Son of Col. Charles Luce and Mary Luce
Husband of Mary Dorothea Luce
Father of Cmdr. Alfred Luce; Admiral Sir David Luce, GCB, DSO, OBE; Edward Lancelot Luce and Sir William Luce, KCMG, GBE
Brother of Edward Luce; Major General Sir Richard Luce; Mary Grace Luce and Walter Cecil Luce

Occupation: Admiral
Managed by: Justin Swanstrom (taking a break)
Last Updated:

About Admiral John Luce, CB

He was an Admiral in the Royal Navy. He served in World War I, taking part in many sea battles. He was made a Companion of the Bath in 1914, and retired in 1922. He was High Sheriff of Wiltshire (1930-1931). He lived at Little Cheverell House, Wiltshire, near Devizes. Census 1881 Rodborough House, Percival Rd. Clifton College. John a Boarder.

Wikipedia Biography

Rear Admiral John Luce CB (4 February 1870 – 22 September 1932) was a senior officer in the Royal Navy during and after the First World War. He played a significant role in the early development of British naval aviation and held command during the Battle of Coronel and the Battle of the Falkland Islands in the South Atlantic.

Early and family life

John Luce was born on 4 February 1870 at Halcombe,[1] Malmesbury in the English county of Wiltshire. In 1902, he married Mary Dorothea Tucker[2] and they had two children. John David Luce was born on 23 January 1906 and also joined the Navy, becoming First Sea Lord from 1963 to 1966.[3] William Henry Tucker Luce was born the following year and in later life became the Governor of Aden from 1956 to 1960.[2]

Naval career

In June 1909, Luce was promoted to Captain[4] and from October 1910 to August 1912 he was the captain of the battleship HMS Hibernia[5] during which time she was converted for flight operations and was the platform for the first launch of an aircraft from a warship underway.

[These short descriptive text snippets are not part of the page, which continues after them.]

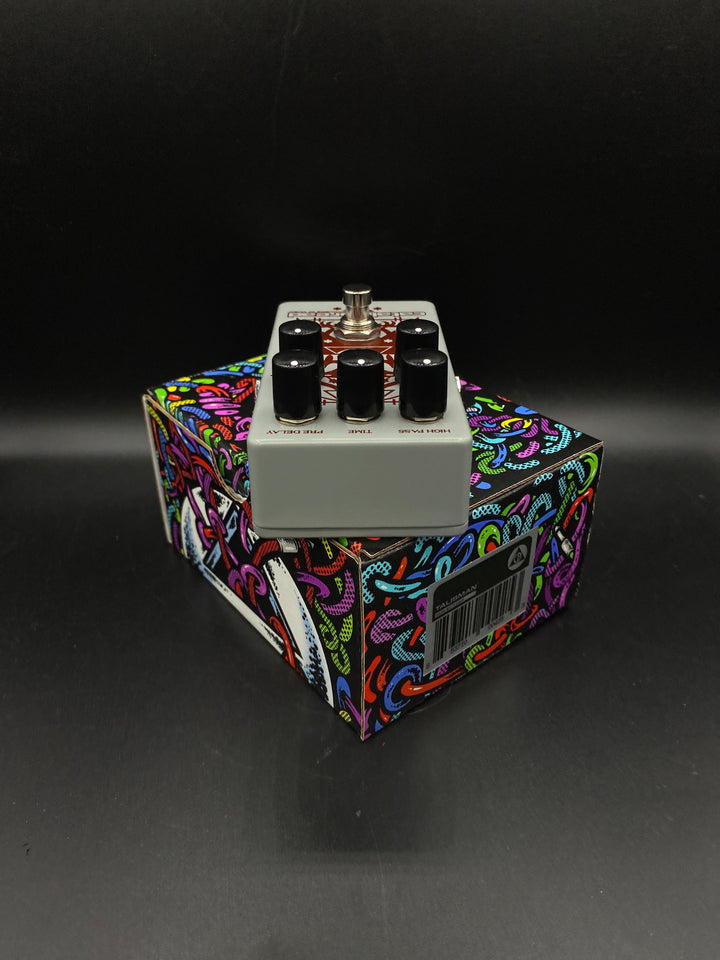 Catalinbread Talisman Plate Reverb
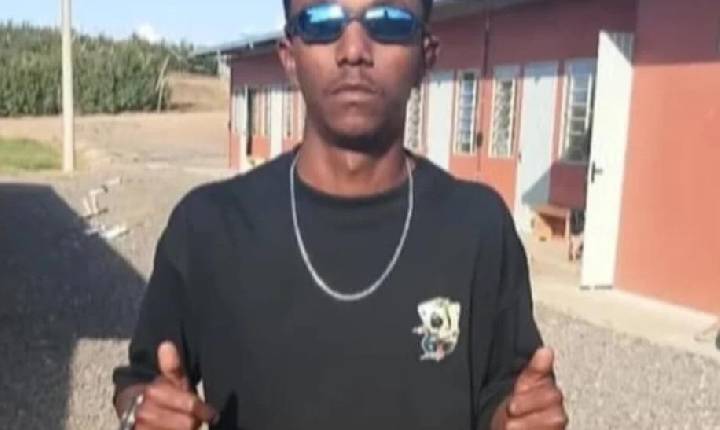 Jovem que estava desaparecido é encontrado morto, com as mãos e pés amarrados em Araripina-PE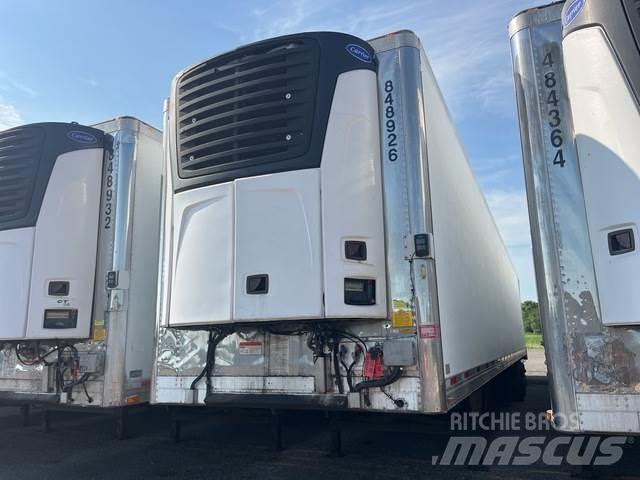 Utility VS2RA Frysetrailer Semi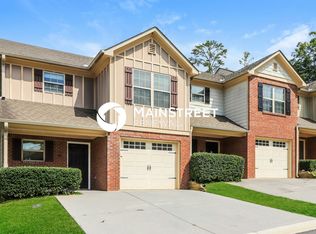 50 Gilliams Xing SW, Cartersville, GA 30120
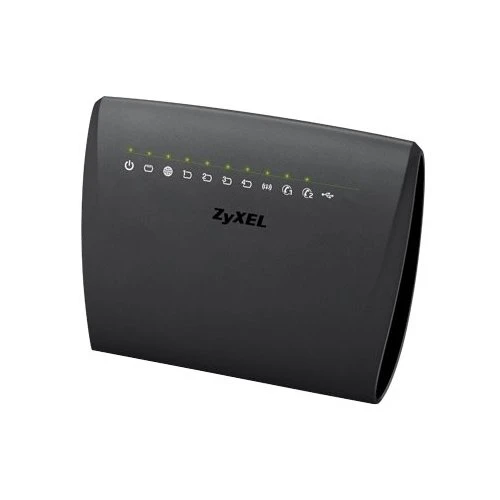 Фото Wi-Fi роутер ZYXEL VMG5313-B10B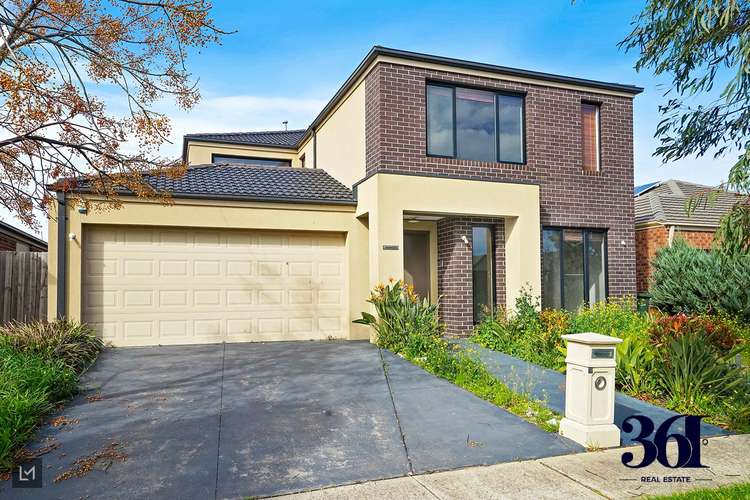 Fourth view of Homely house listing, 13 Swanton Avenue, Williams Landing VIC 3027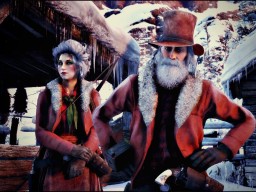 red dead redemption 2 NemesisNat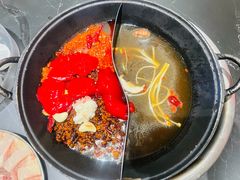-巴蜀大将火锅(春熙店)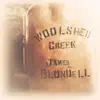 Woolshed Creek album lyrics, reviews, download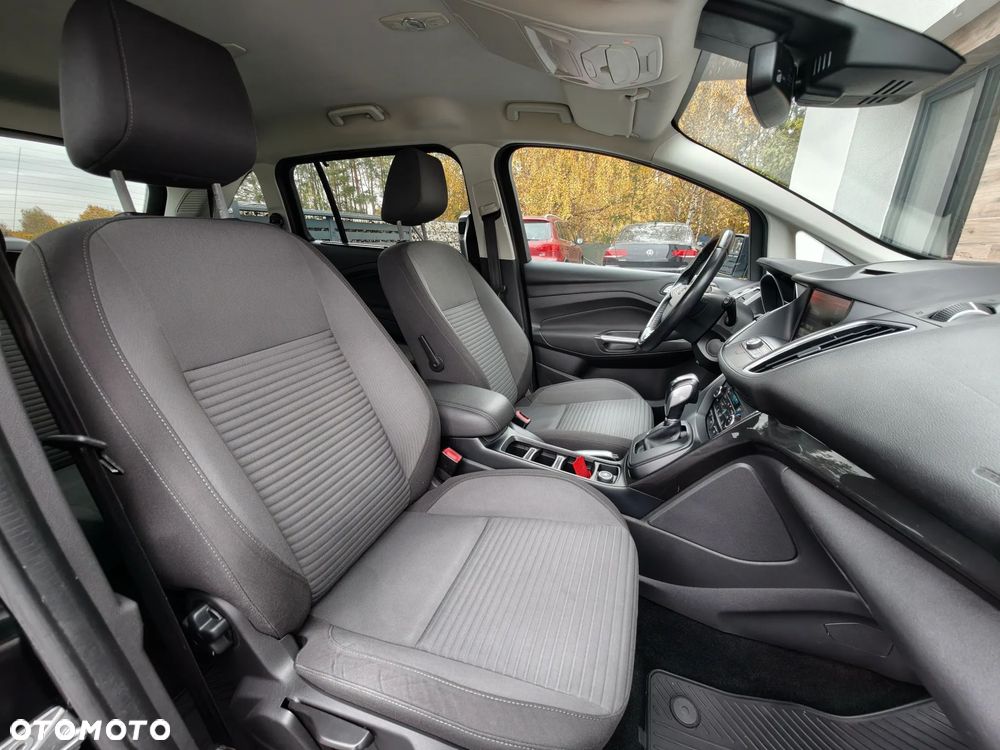 Ford Grand C-MAX Gr 2.0 TDCi Titanium ASS - 22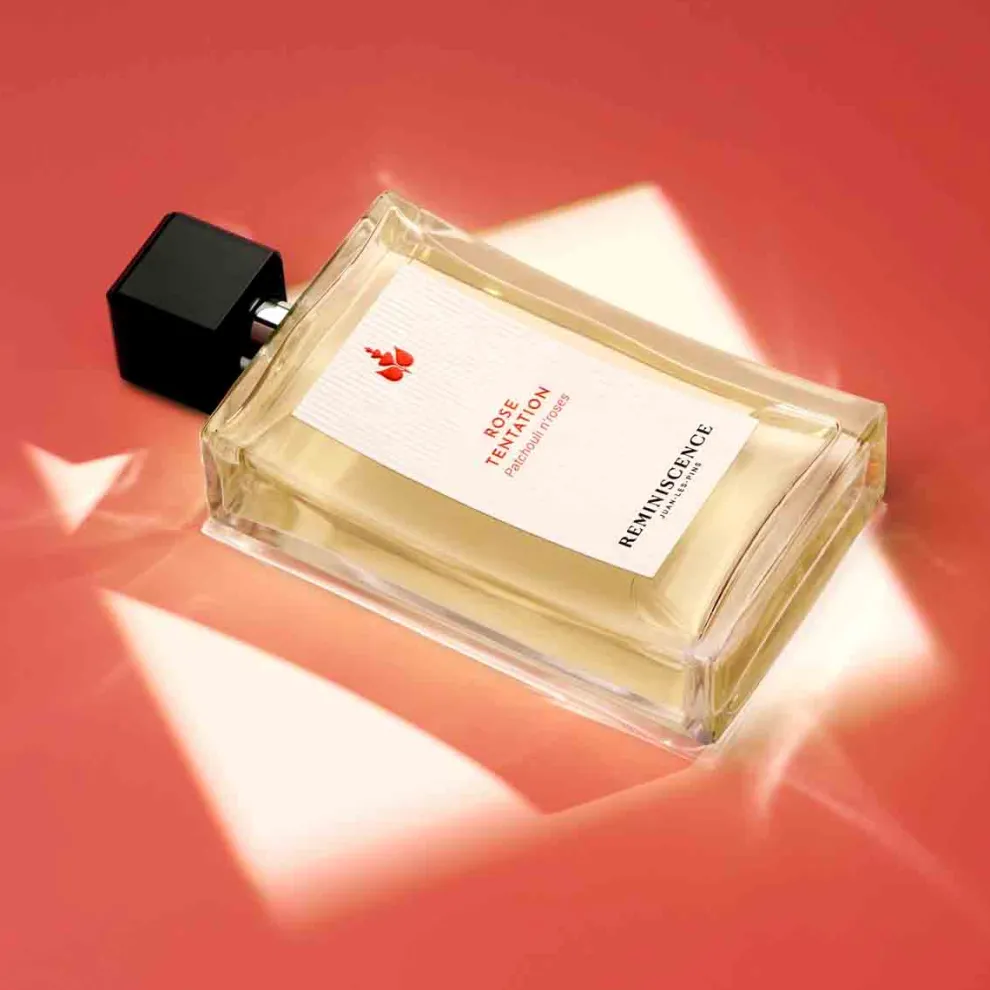 Reminiscence - Rose Tentation - Eau de Parfum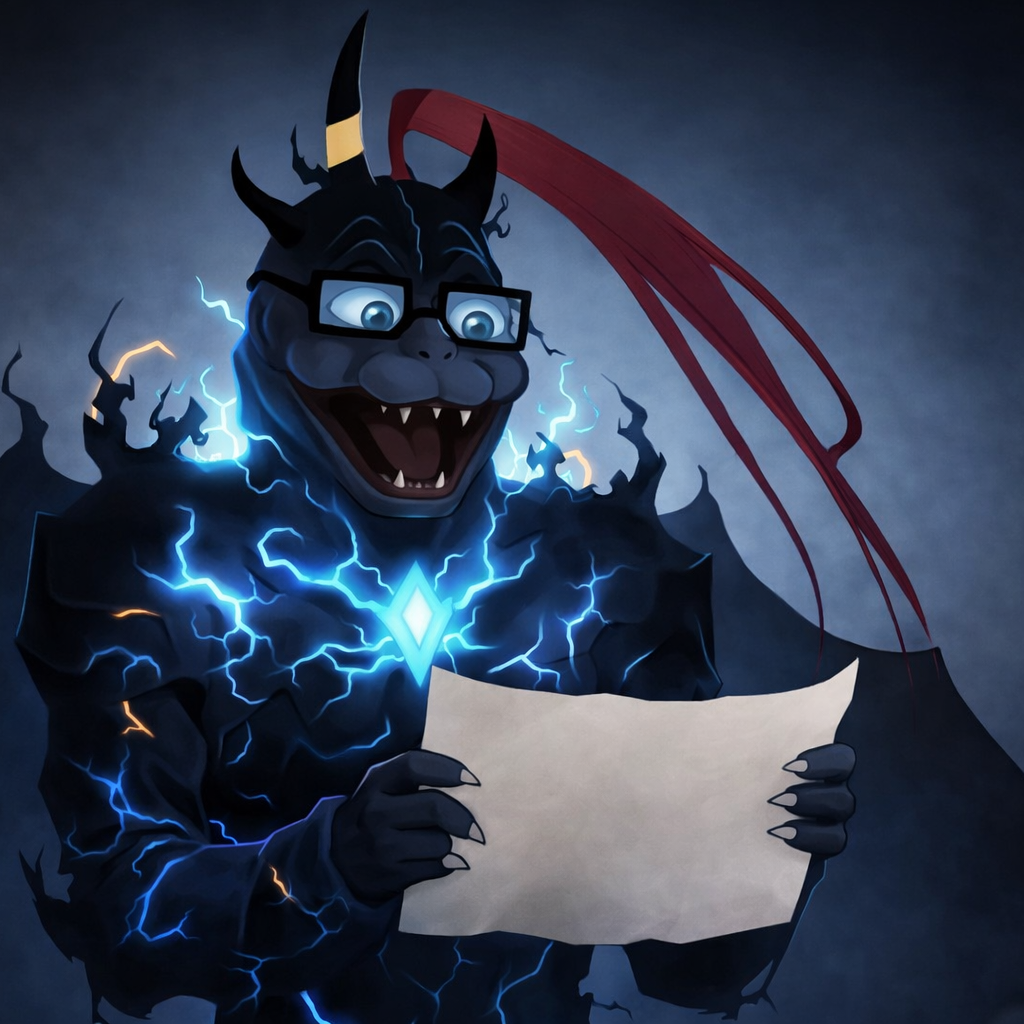 Post from Composite Rex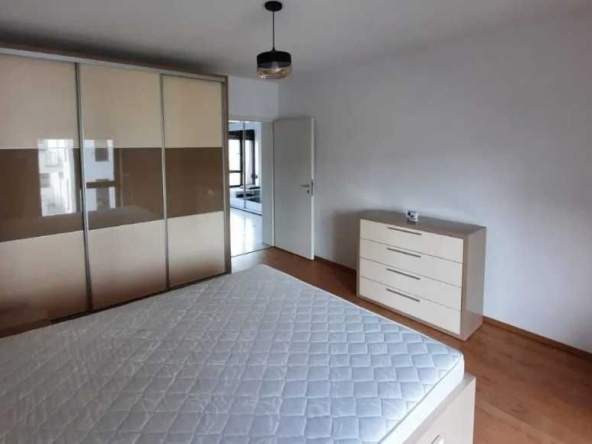 Тристаен апартамент в Бургас, Изгрев - 87 кв.м за 1106 €/кв.м - Снимка #1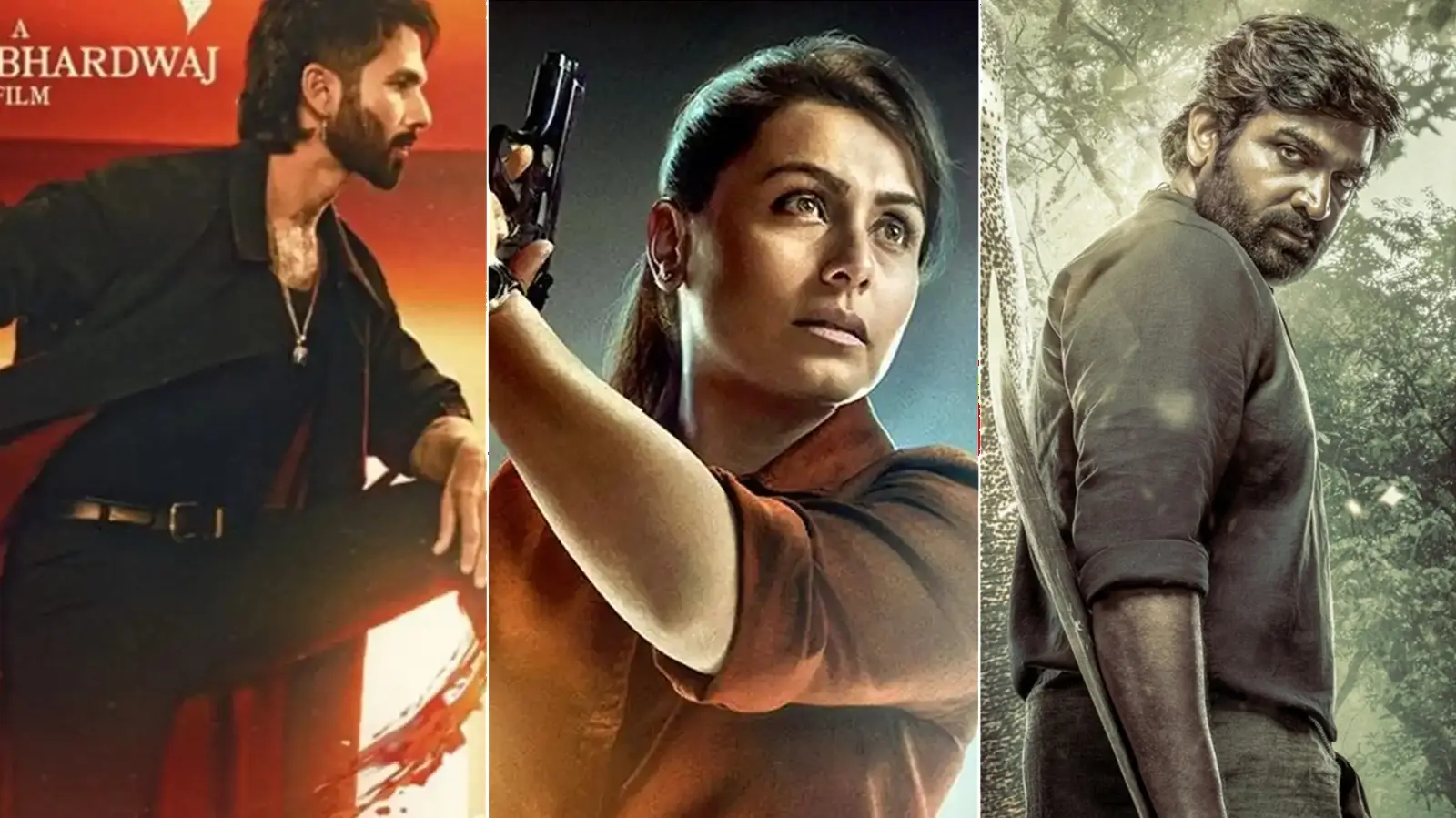 OTT This Week (Wk-4 M26)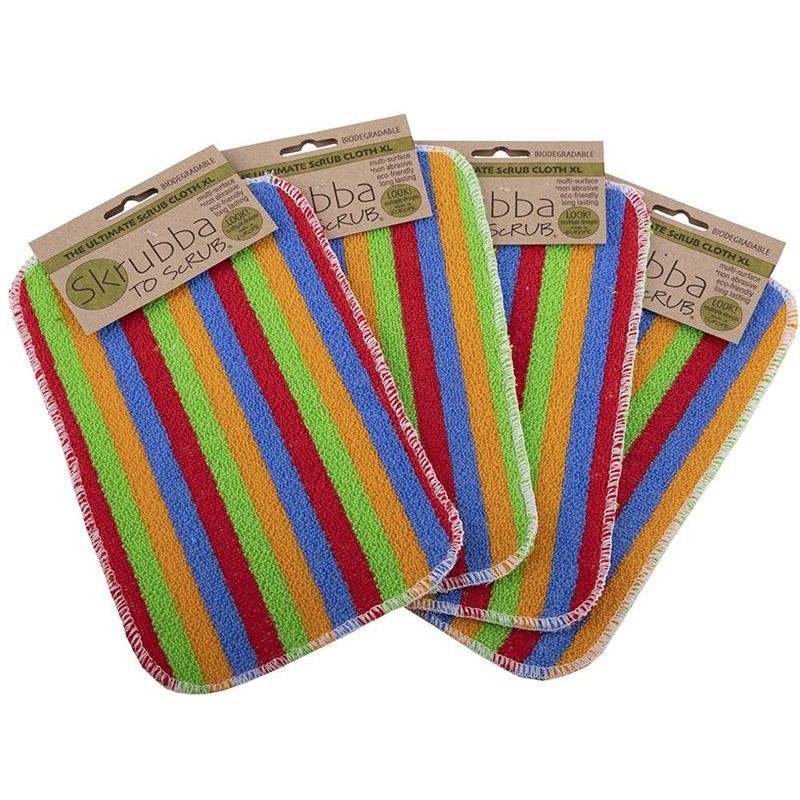 Skrubba Cloth XL - 15 x 24cm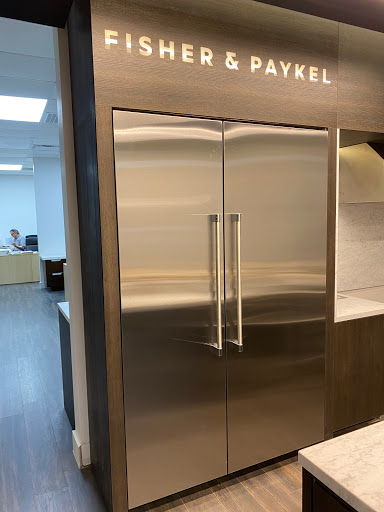 Appliance Store «K&N Sales - Kitchen Appliances», reviews and photos, 1401 Shepherd Dr, Houston, TX 77007, USA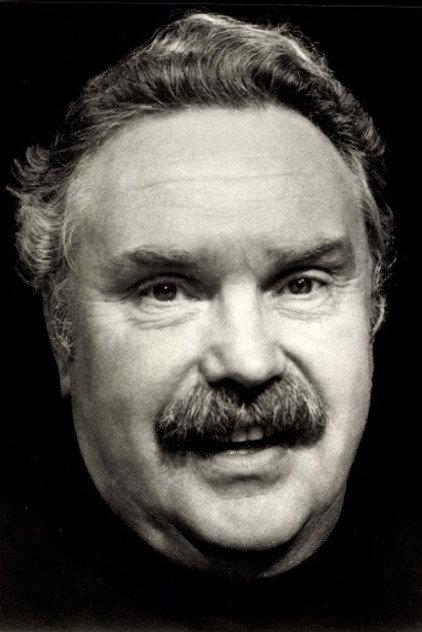 Gerd Duwner - Actor Profile Photo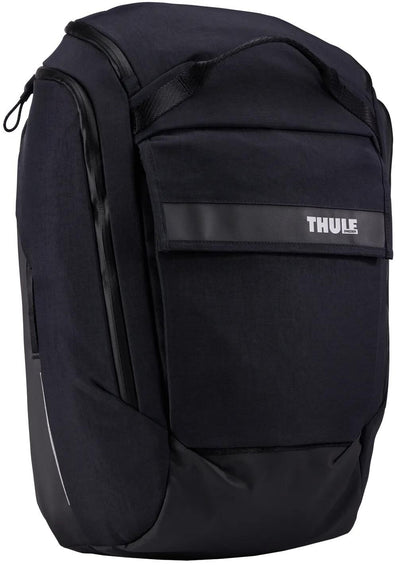 Thule Backpack Paramount Hybrid Pannier Black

In September 1912, Luce took command of HMS Glasgow, a light cruiser.[6] and was still in command at the start of the First World War. In November 1914, he took part in the Battle of Coronel in the South Atlantic. During the Battle, Glasgow together with the cruisers HMS Good Hope and HMS Monmouth, engaged the German East Asia Cruiser Squadron, including the new cruisers SMS Scharnhorst and SMS Gneisenau. The German light cruisers had only 4.1 in (100 mm) guns, which had left Glasgow relatively unscathed, but these were now joined by the 8.2-inch guns of Gneisenau. Luce determined that nothing was to be gained by staying and attempting to fight. It was noticed that each time he fired, the flash of his guns was used by the Germans to aim a new salvo, so he also ceased firing. One compartment of the ship was flooded, but she could still manage 24 kn (28 mph; 44 km/h). He returned first to Monmouth, which was now dark but still afloat. Nothing was to be done for the ship, which was sinking slowly but would attempt to beach on the Chilean coast. Glasgow turned south and departed.[7] Having inflicted little damage on the enemy, Glasgow escaped with moderate damage considering that an estimated 600 shells were fired at her, although the other British cruisers were lost with all hands.

The following month, Luce, still commanding Glasgow, took part in the Battle of the Falkland Islands. During the battle Glasgow and the armoured cruiser HMS Cornwall had chased down the German light cruiser SMS Leipzig; Glasgow closed to finish Leipzig which had run out of ammunition but was still flying her battle ensign. Leipzig fired two flares, so Glasgow ceased fire. At 21:23, more than 80 mi (70 nmi; 130 km) southeast of the Falklands, Leipzig rolled over, leaving only 18 survivors.

In 1917, Luce was appointed Commodore of the Royal Naval Air Service's Central Depot and Training Establishment at Cranwell. However, the following year when Cranwell became part of the newly founded Royal Air Force, Luce was replaced by Brigadier-General Briggs who had transferred from the Navy to the RAF.[8]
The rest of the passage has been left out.